Pineo Family Farm has received other grants that have enabled him to purchase farm equipment, funding Pineo said he is very grateful for, as farming in modern times can be fiscally challenging.

“So many grants, I can’t keep track of the amounts. It’s huge, I don’t have to take a loan to pay for this equipment,” he shared.

Another tricky factor Pineo and other farmers are constantly dealing with is the weather, which is notoriously fickle in New England. He said he heard that because of the extreme low temps in February, peach farmers in the region are facing $1 million in revenue loss.

“It is a huge loss,” Pineo said. “We do fruit with the Philbins. They have a lot of peaches and nectarines. Stone fruit will be nonexistent for this year. The same thing happened seven years ago. The (fruit) will come back next year.”

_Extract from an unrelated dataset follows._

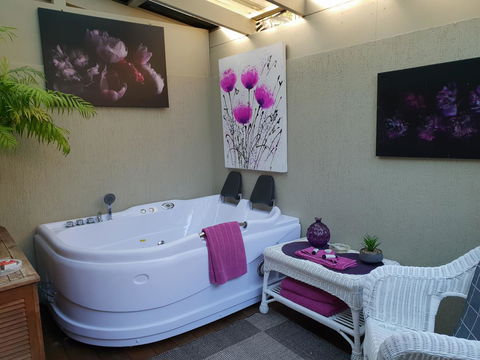 Nelson Bay Bed & Breakfast - Accommodation Cooktown 3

The hardworking farmer is involved in many organizations that focus on farming and agriculture. He is vice president of the Worcester County Farm Bureau, vice president of the Massachsuetts Association of Agricultural Commissions, treasurer of the Hardwick Farmers Co-op Exchange, and is part of the Montachusett Agricultural Alliance, which does “roundtable discussion, education, and promotion” around farming.

He is also involved with Central Mass Grown, “quasi-involved” with the Freight Farm effort at Montachusett Regional Vocational Technical School in Fitchburg, and runs the Sterling Farmer’s Market, which launched June 9 for the season that runs downtown on Fridays from 3 to 6:30 p.m. through October.

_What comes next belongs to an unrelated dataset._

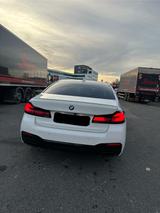 BMW M550i xDrive A - - gebrauchte BMW M550 aus dem Jahr 2022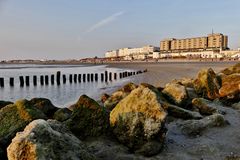 Borkum - Blick von der Buhne auf die Promenade am Nordstrand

Pineo Family Farm is one of the market’s vendors, along with other area farms and businesses, and Pineo brings his farm fresh produce weekly. He said he now has a Haitian immigrant “both farming for myself and me, kind of like a crop share,” a man who joined them last fall and got started prepping land to use.

Pineo is working on a building a storage shed for the man who also works at a research farm in Shrewsbury to use, which will also double as a break room.

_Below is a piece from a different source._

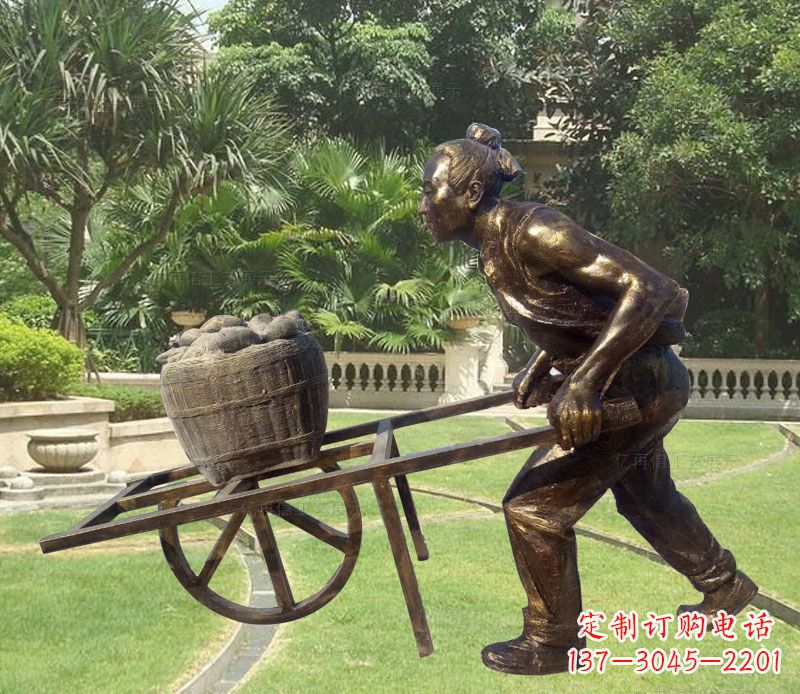 福州推独轮车的古人铜雕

“He brings his family along every once in a while,” Pineo said of the man, who provides “in-kind labor.”

When asked what he enjoys about farming, after joking that he doesn’t have to ask anyone for vacation days “because I don’t get them,” being his own boss is clearly what Pineo appreciates the most.

“I get to pick and choose what I do. I don’t have anyone harping on me, and I don’t have to adhere to anyone’s schedule. Farming is freedom.”